For instance, a bottle we bought last year claims on the front that it provides "broad spectrum" protection, which is just as important as the SPF number that we usually focus on at the store. Now, the words "broad spectrum" may only be used if tests of the product confirm it.

"Sunscreens which are broad spectrum would indicate they would protect against the effect of the burning ray --- the ultraviolet B --- but also protect against the tanning rays, which is the ultraviolet A. We now know that one should be protected from both of them," said Dr. Henry Lim, a dermatologist who was on the FDA's task force. "Now with the new regulation, when sunscreen says it's broad spectrum we know that it has gone through a very strict FDA-mandated test to make sure it is indeed broad spectrum."

Sunscreen manufacturers have to eliminate the words "waterproof" and "sweatproof" because those terms overstate the effectiveness of the products.

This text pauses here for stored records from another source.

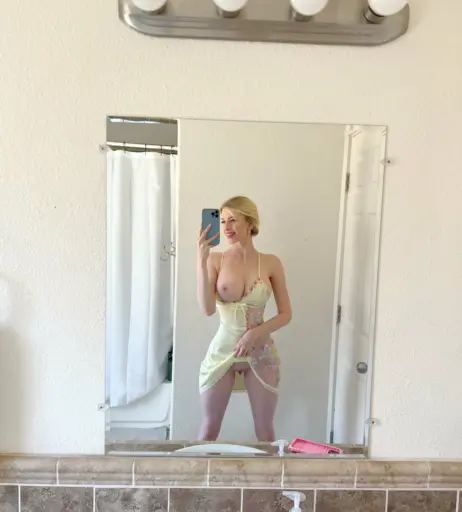 Image 2765419 from Lilly Bloomes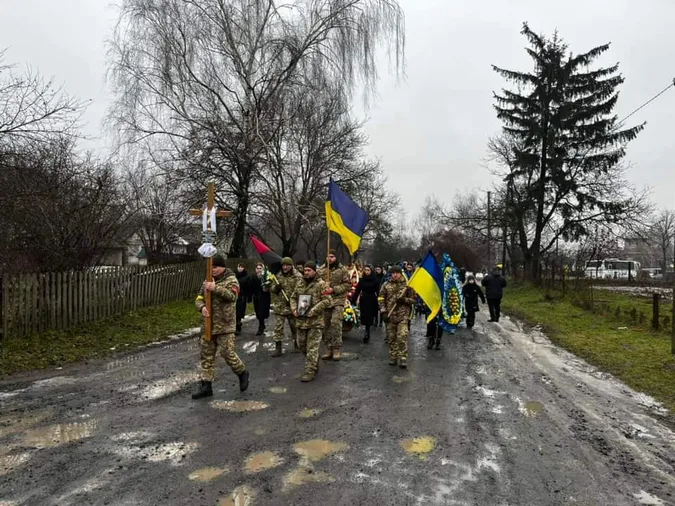 У Луцькому районі прощались із загиблим захисником Павлом Демчинським (фото)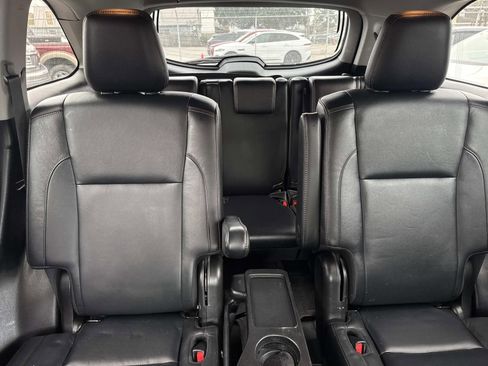 Used 2018 Toyota Highlander XLE image 9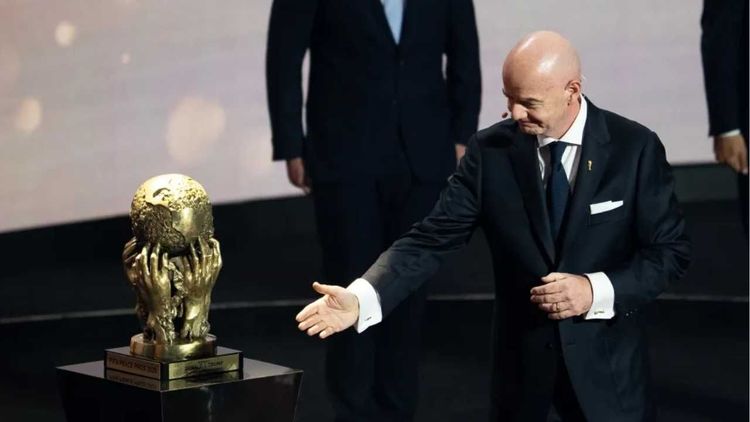 The Times: Infantino ofreció la final del Mundial 2030 a Marruecos para blindar su reelección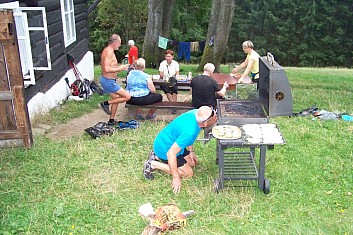 Ten, který spí v krmelci (Mirkovo indiánské jméno) jemně rozdmýchává oheň v grilu. Na tácku je připravena zelenina z vlastní zahrádky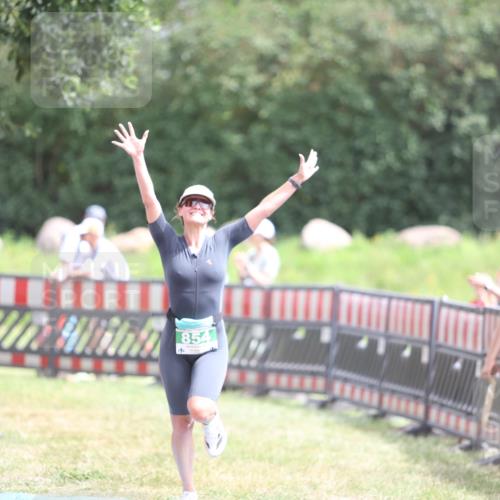 21.06.2026 - 29. Vierlanden-Triathlon Andreas Tolksdorf http://msf.ph/oto/9892209 21.06.2026 13:38:28 Ziel 763, 854, 763, 854 meine-sportfotos.de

Water resistance claims will now have to include whether the sunscreen is effective for 40 minutes or 80 minutes while swimming or sweating.

The bottle of Aveeno sunblock spray we purchased last year says on the back of the bottle, "Retains SPF after 80 minutes of activity in the water or perspiring." That's something all manufacturers will have to prove and state on their packaging if they want to make claims about their moisture resistance.

When you go shopping for sunscreen, you'll notice old versions mixed in with the newer ones. So look at the bottom of the bottle or box for the expiration date. Try to find one that has been manufactured recently so that you're sure of the claims being made.

This is serious business because nearly half of all cancers in the United States are skin cancers.